Le problème se cristallise alors sur le concept de droit des générations futures. Peut-on accorder des droits aux individus futurs ?

Ici, également, l’auteur va à l’encontre des idées reçues en récusant totalement cette idée. En effet, pour attribuer à A un droit moral sur B, quatre conditions sont indispensables.

1. A existe,
2. A a des intérêts,
3. B a un devoir moral envers A,
4. A a le droit d’exiger de B qu’il remplisse son devoir moral.

Or, après un large commentaire de ces quatre conditions, l’auteur constate qu’elles ne peuvent être remplies et conclut au caractère impropre de l’approche juridique. « Faire dépendre la prévoyance envers l’avenir de telles valeurs reviendrait à établir une forme de dictature inter-générations, on ne peut prendre la responsabilité de faire souffrir les contemporains au nom d’une mise en péril abstraite et indéterminée des générations ultérieures ».

Le concept de générations futures est donc d’un emploi délicat. Toutes les grandes idéologies ont reposé sur l’idée de sacrifice présent au nom de l’avenir. Il faut, selon l’auteur, mettre en garde contre le despotisme de la morale et privilégier des notions de solidarité ou de sagesse plutôt que des approches juridiques.

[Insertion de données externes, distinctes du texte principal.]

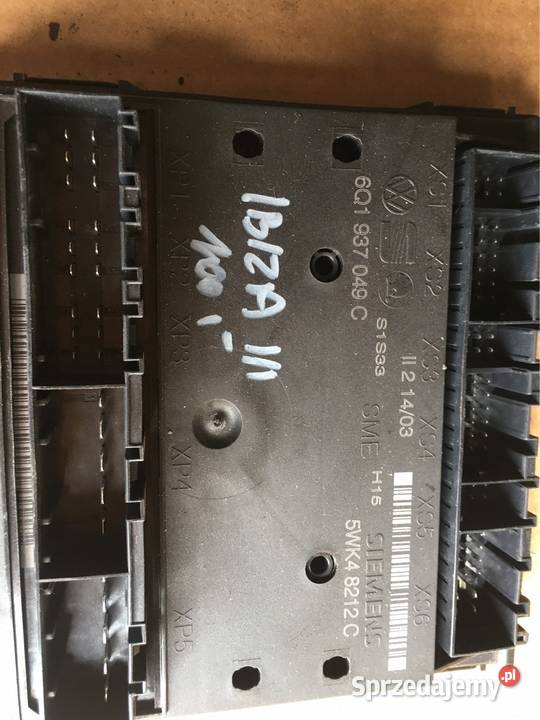 Moduł komfortu Ibiza 3 6Q1937049C Chojnice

Là où l’auteur convainc le moins, c’est lors de son passage à la pratique et notamment au débat sur les choix énergétiques. Ainsi, et l’on sent un certain poids idéologique sous-jacent, l’auteur expose qu’il est préférable d’avoir une prolifération de CO2 dans l’atmosphère avec ses dommages connus de hausse de niveau d’eau des océans ou de transformation de la végétation, parce que les générations futures pourront s’y adapter en pratiquant l’irrigation artificielle ou « en se lançant dans des mouvements migratoires de grande ampleur, comparables aux grandes invasions européennes ». Le risque suprême pour les générations futures est celui des déchets nucléaires. « En revanche, le risque qui découle dès aujourd’hui des déchets nucléaires est lui irréversible. Même s’il est possible que le stockage définitif des déchets radioactifs ne provoque jamais de dommages graves, on ne peut éliminer à long terme le risque d’occurrence d’un tel dommage ».

On le voit, la réflexion sur les générations futures reste tout à la fois complexe et embryonnaire et aboutit fréquemment à des positions teintées par des partis pris. Il est toutefois essentiel que le monde de l’entreprise s’y implique autrement que par la reprise du sempiternel logo « nous ne possédons pas la terre, nous l’empruntons à nos enfants ». Les individus futurs sont un objet d’obligation, en aucun cas de dévotion ou de vénération. C’est seulement ainsi qu’ « on peut s’attendre à ce qu’un travail efficace visant des objectifs liés à l’éthique du futur découle des loyautés intergénératives, plutôt que d’un pathos du futur abstrait, religieux ou quasi religieux ».